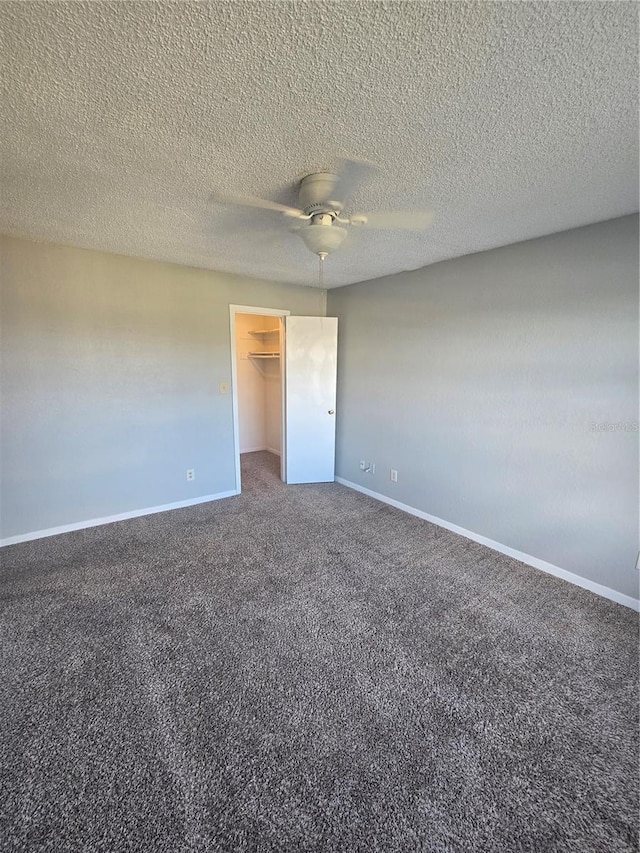4301 Lizshire Ln Unit 306, Orlando, FL 32822 - spare room featuring carpet floors, ceiling fan, baseboards, and a textured ceiling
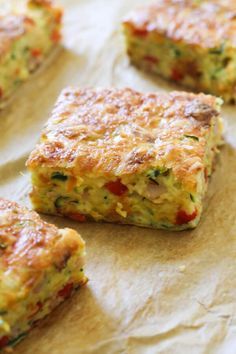 several pieces of quiche sitting on top of a piece of parchment paper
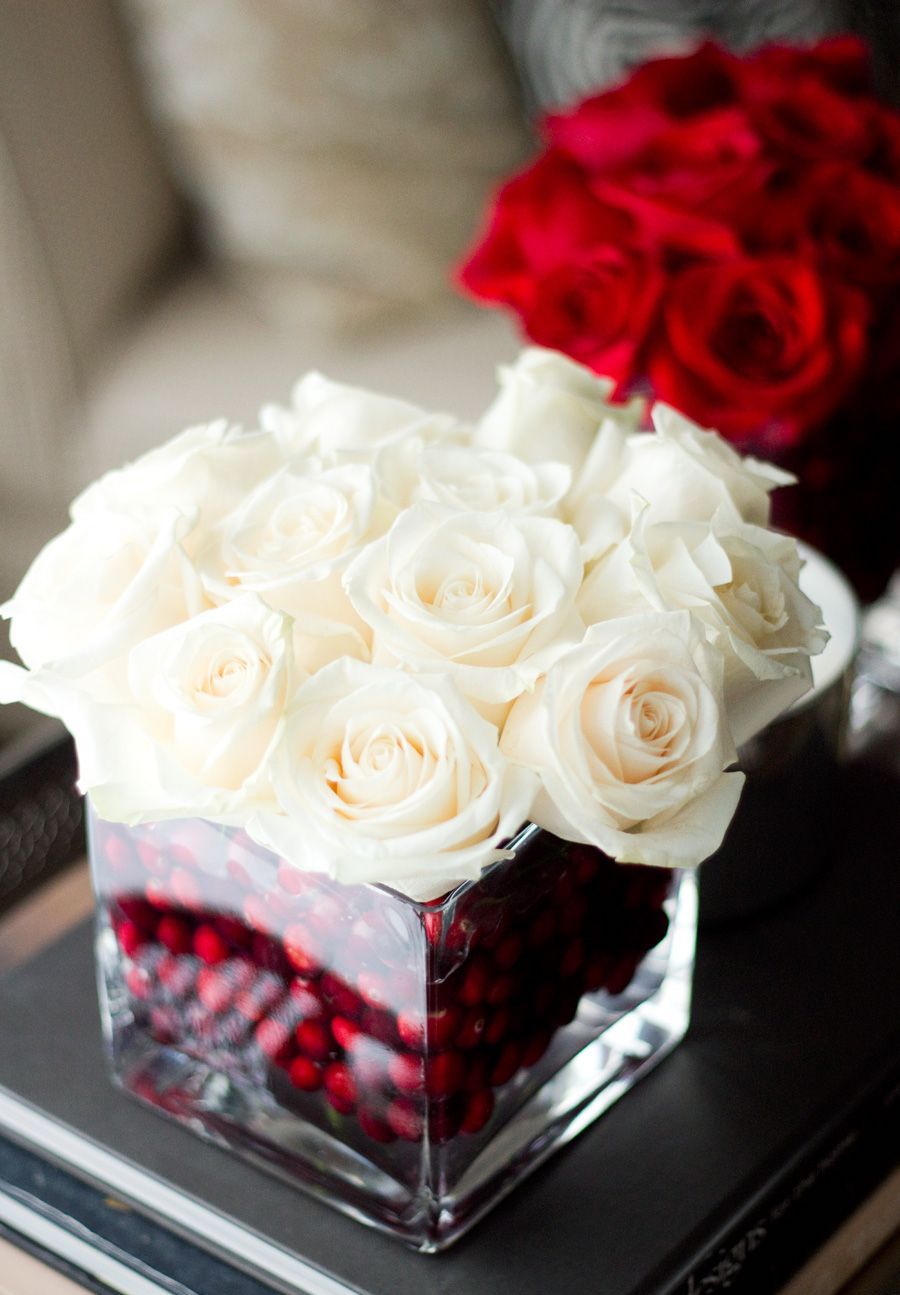 DIY Christmas Centerpieces - White Roses with Red Cranberries in a Glass Jar - via NotYourStandard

• Work to complete: What you write should match, word for word, the lines from the one containing "several pieces of" to the end of the listing, with both ends kept and the pictures left out.

• Output of the exercise:
 several pieces of quiche sitting on top of a piece of parchment paper
 DIY Christmas Centerpieces - White Roses with Red Cranberries in a Glass Jar - via NotYourStandard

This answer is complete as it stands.